Leur maison de 1 700 pieds carrés (160 mètres carrés) comprenait des quartiers pour l’équipage, des espaces communs et même une zone pour les cultures comme les tomates et les poivrons.
Baptisé « Mars Dune Alpha », l’habitat imprimé en 3D a été installé à l’intérieur d’un hangar du Johnson Space Center de la NASA à Houston.
Des « Marches martiennes » simulées ont eu lieu dans une zone extérieure qui recréait l’environnement martien avec de la terre rouge et des falaises peintes le long des murs.
Les membres de l’équipage ont enfilé des combinaisons spatiales et ont traversé un sas pour atteindre le « bac à sable », comme il a été surnommé, avec des tâches coordonnées par leurs collègues à l’intérieur.
Ennui
« Il y avait des jours où on avait vraiment envie d’être dehors, je ne peux pas mentir », raconte la Canadienne qui vit aujourd’hui en Californie.

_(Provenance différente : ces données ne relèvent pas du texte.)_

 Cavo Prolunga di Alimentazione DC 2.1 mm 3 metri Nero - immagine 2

Mais, à sa grande surprise, ces douleurs n’ont fait que s’intensifier vers la fin.
Les périodes d’ennui font inévitablement partie des longues expéditions spatiales, et c’est précisément cet isolement prolongé qui distingue CHAPEA de la plupart des missions « analogiques » précédentes.
Halston chassait l’ennui en brodant des symboles de mission et des images de Mars.

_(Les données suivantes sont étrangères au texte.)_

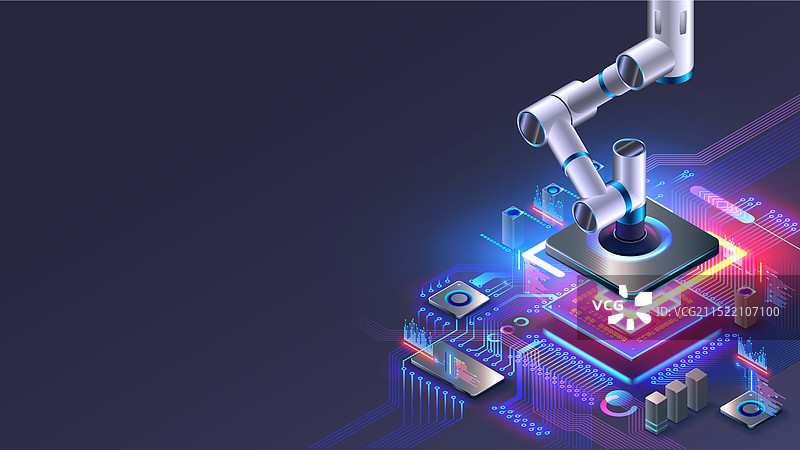 工业机器人机械手放置电子元件图片素材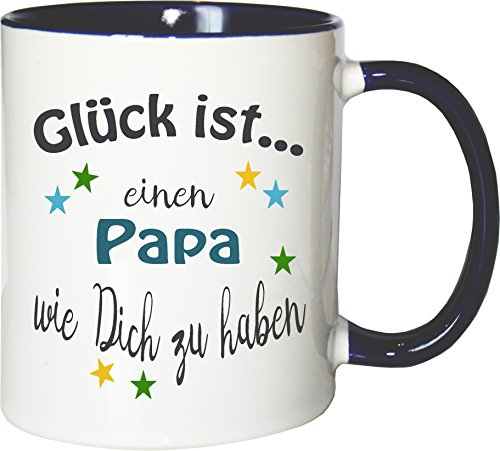 WarmherzIch Becher Tasse Glück ist… Papa Kaffee Kaffeetasse liebevoll Bedruckt Vater Vati Vatertag Vadder Weiß-Blau von WarmherzIch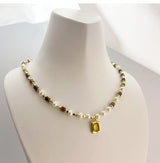 Natural Freshwater Pearl Tiger Eye Stone Necklace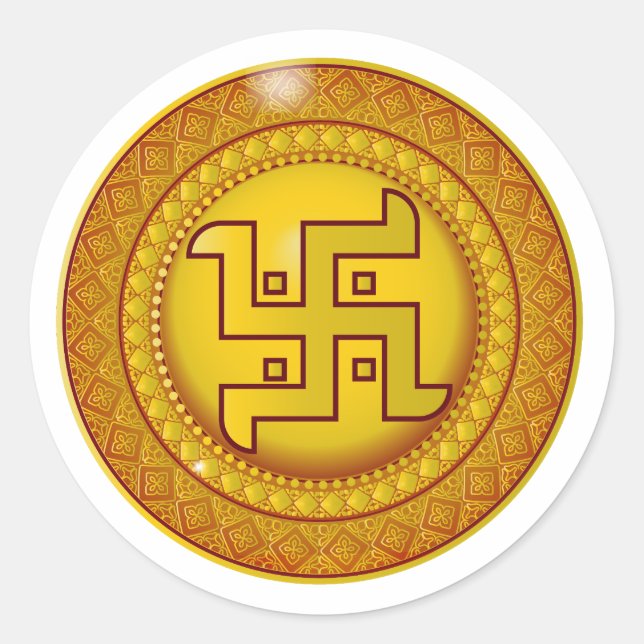 Autocollant Swastik hindou doré (Devant)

Bien sûr, « les analogues ne peuvent pas résoudre tous les problèmes ou toutes les questions d’une éventuelle mission vers Mars », a-t-elle déclaré, même si les leçons apprises aideront à la planification.
L’apport alimentaire de chaque membre de l’équipe a été méticuleusement documenté, leurs échantillons de sang, de salive et d’urine ont été prélevés, et leurs habitudes de sommeil ainsi que leurs performances physiques et cognitives ont été analysées.
« Le système alimentaire est l’un des plus grands facteurs de masse d’une mission humaine en matière de logistique, et nous allons être limités en ressources lors de ces missions », a déclaré Grace Douglas, scientifique de la NASA, dans un podcast.
Il est donc essentiel de déterminer les dispositions minimales nécessaires pour maintenir la santé des astronautes et assurer le succès de la mission.
Pour l’instant, la NASA garde secrets les détails des tâches de l’équipage afin de préserver l’élément de surprise pour les deux prochaines itérations de la mission. CHAPEA 2 est prévu pour 2025.